* EXERCISE DESCRIPTION
Would you write out the lines below exactly, from the one containing "More Photos Of" to the very last, but without the pictures?

[Records contained in a dataset]
....

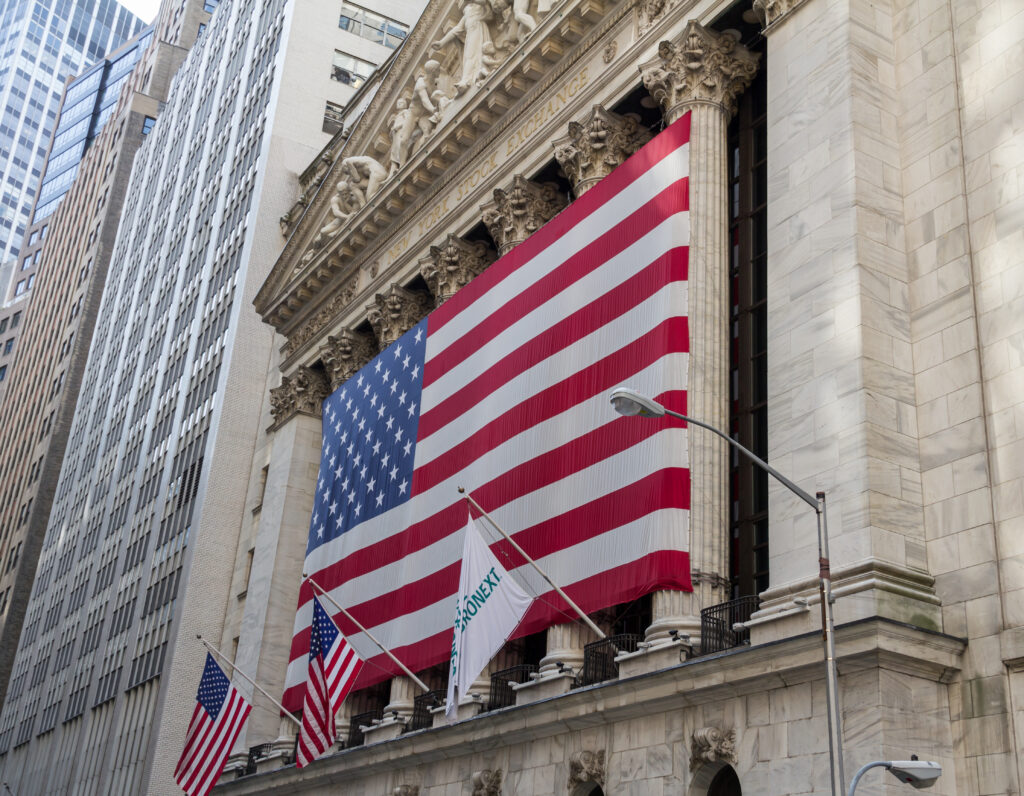Wall Street fecha em alta com disparada da Apple e tarifas comerciais de Trump bolsas norte americanas fecham em alta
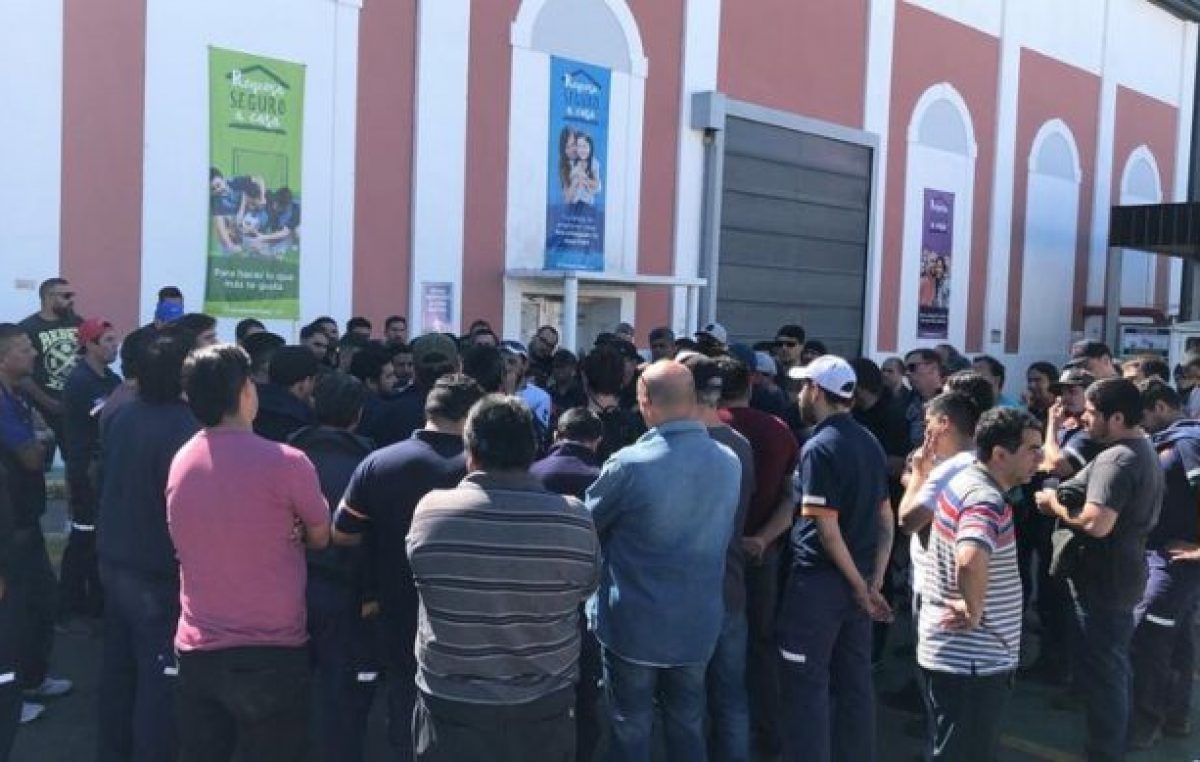 Trabajadores de la papelera Kimberly Clark ocuparon el predio frente al anuncio de cierre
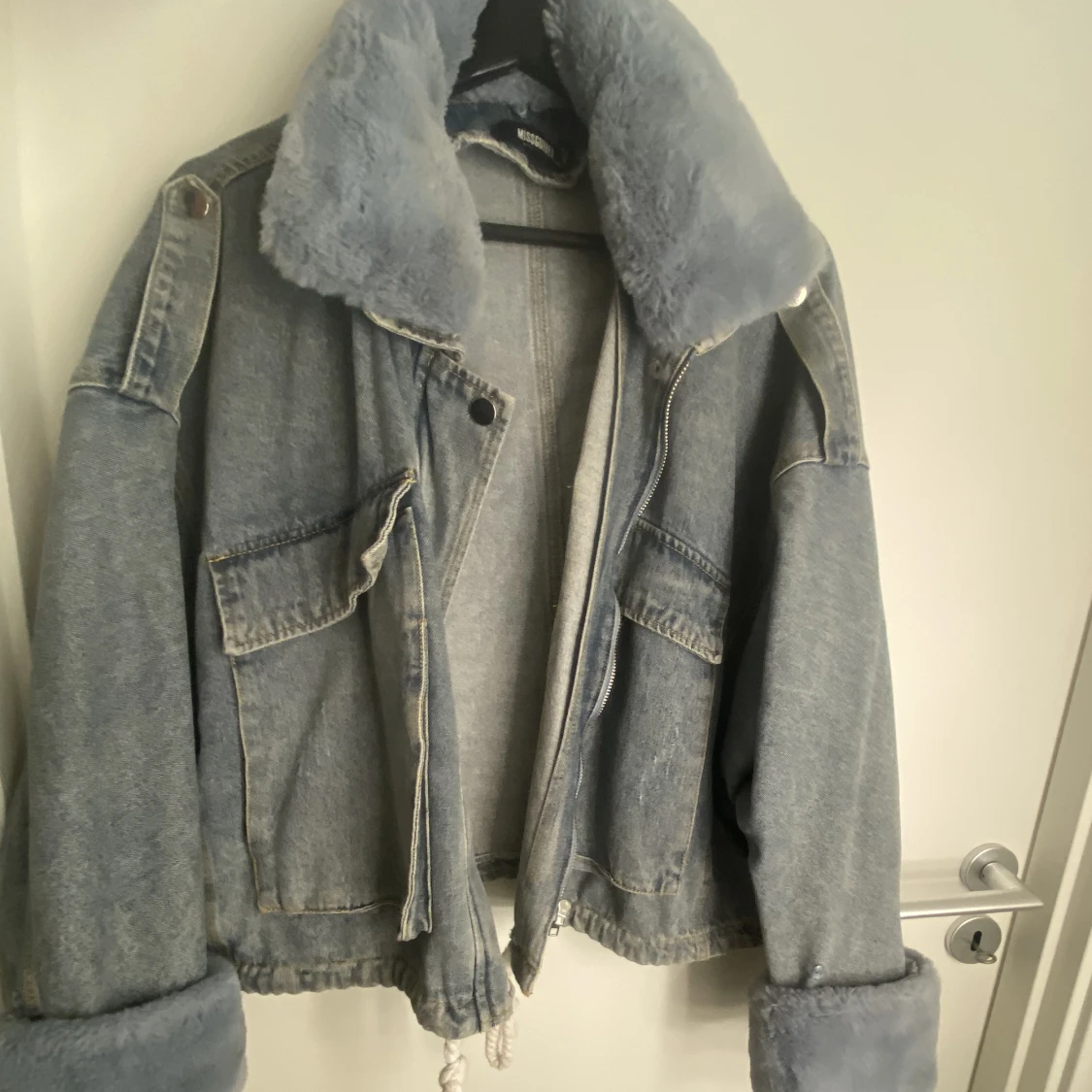 Jeans jacka med päls - 91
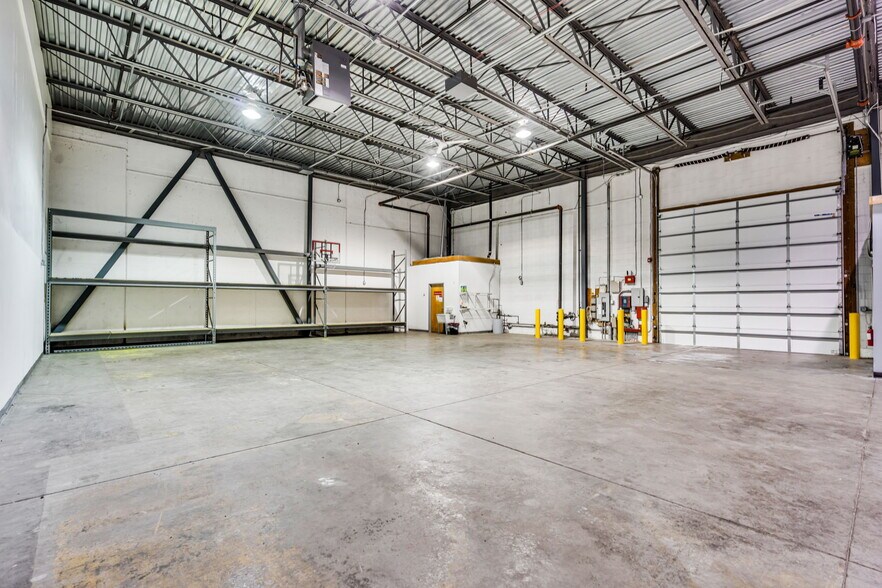 More Photos Of 35 Mill Street Central, Marlborough Warehouse For Lease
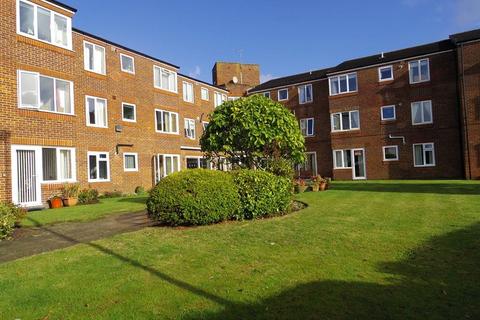 2 bedroom retirement property for sale, Mount Pleasant Road, Poole Park, Poole, Dorset, BH15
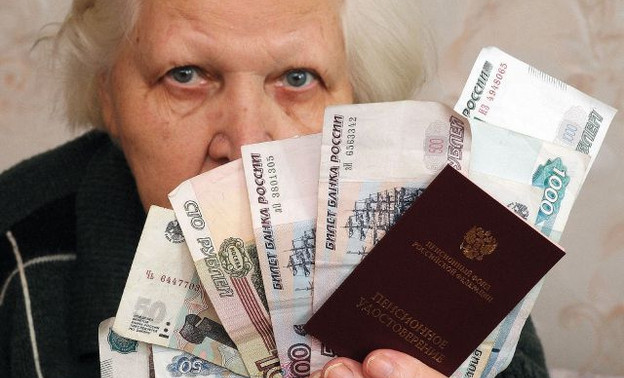 Кировские пенсионеры дополнительно получат по 5 тысяч рублей
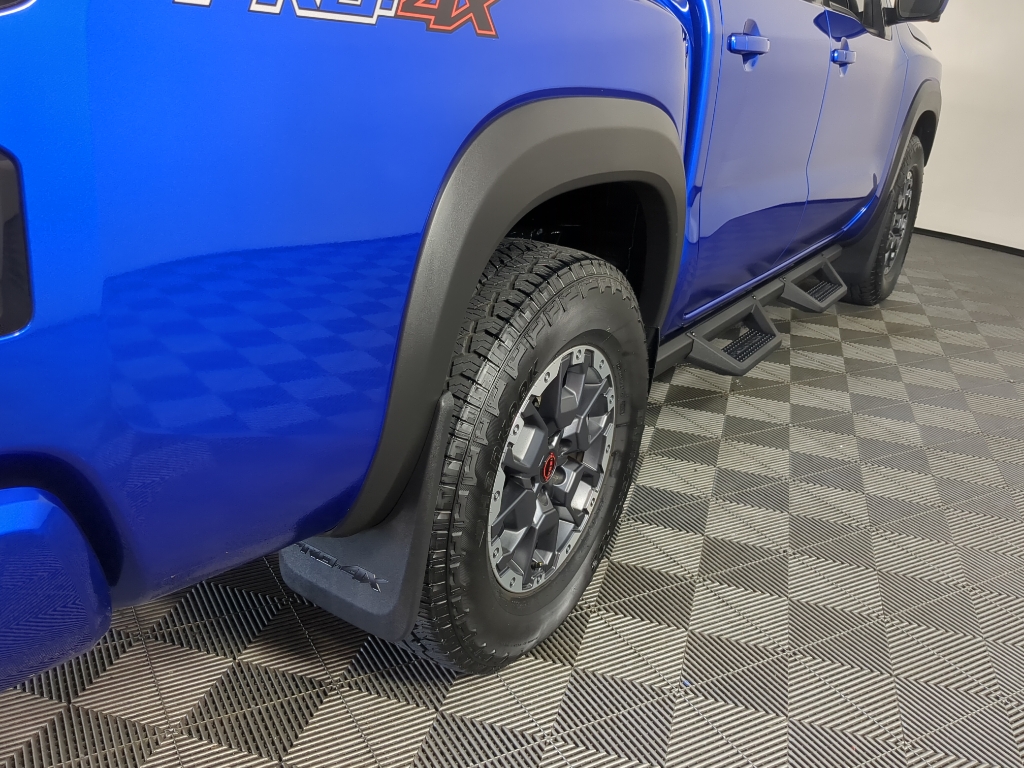 2025 Nissan Frontier PRO-4X photo 7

....

* RESULT OF THIS EXERCISE
 More Photos Of 35 Mill Street Central, Marlborough Warehouse For Lease
 2 bedroom retirement property for sale, Mount Pleasant Road, Poole Park, Poole, Dorset, BH15
 Кировские пенсионеры дополнительно получат по 5 тысяч рублей
 2025 Nissan Frontier PRO-4X photo 7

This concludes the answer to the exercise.